Una vez ganada la elección, el presidente electo se ha movido con gran celeridad para definir sus posiciones sobre los temas centrales que se disputaron durante la campaña. Aunque su plataforma política cortejaba la noción de independencia, sus primeros mensajes hacia China fueron de conciliación. De igual manera, aunque su campaña se fundamentó en el ataque sistemático al monopolio corrupto y autocrático del KMT, sus mensajes postelectorales han sido todos conciliatorios, afirmando que no habrá cacería de brujas y que su objetivo fundamental será el de asegurar el desarrollo de largo plazo de su país. Su primer ministro será el más respetado miembro del gabinete del gobierno anterior. No cabe la menor duda de que el triunfo –e, incluso, la percepción de que el triunfo es posible- constituye el factor civilizador más importante para cualquier oposición en el mundo.

 

El desmantelamiento del imperio de KMT sin duda va a crear incentivos muy distintos a los que existían antes. El hecho de gozar del poder, es decir, de su uso y disfrute, constituía un factor de unidad excepcional pues, a final de cuentas, como monopolio en el poder, el KMT podía proteger a cualquier grupo o privilegio sin mayor discusión o miramiento. Ya en la oposición las circunstancias seguramente serán muy distintas. Ahora los miembros del KMT tendrán que optar por reformar a su partido o buscar nuevas opciones y, con ello, iniciar una potencial desbandada. El futuro del KMT, como el del PRI, no está escrito de manera indeleble.
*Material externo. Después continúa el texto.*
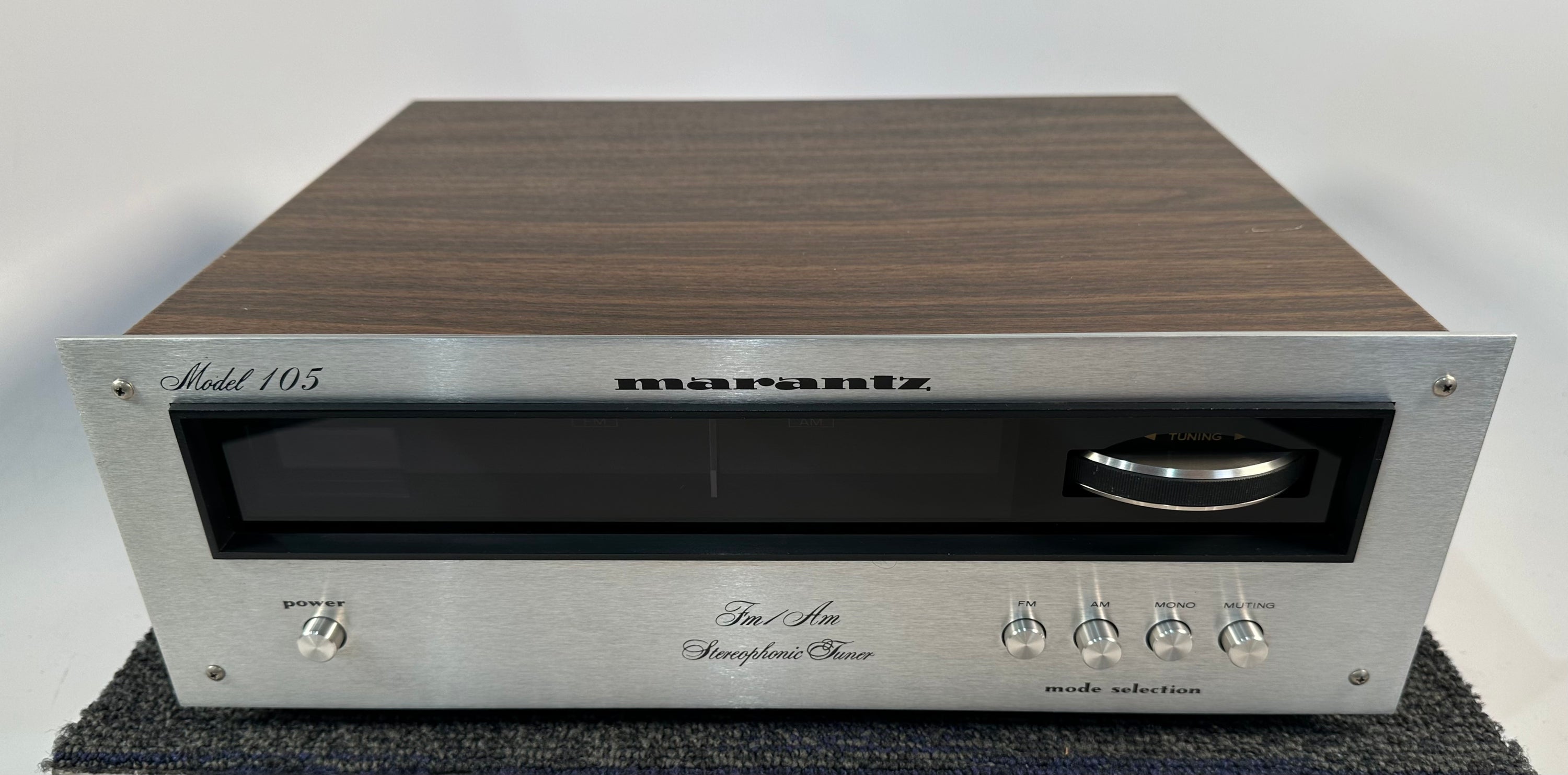 Marantz Model 105 FM/AM Stereo Tuner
Pero lo que es interesante hacer notar del caso de Taiwán es que el hecho de que el partido históricamente monopólico perdiera el poder no ha venido acompañado de un cambio drástico ni mucho menos de un rompimiento radical del orden establecido. Como en otros países democráticos, lo que está en disputa en Taiwán ahora no es la esencia del funcionamiento de la economía, sino la manera en que se van a distribuir los beneficios. Suertudos los taiwaneses que ya llegaron ahí.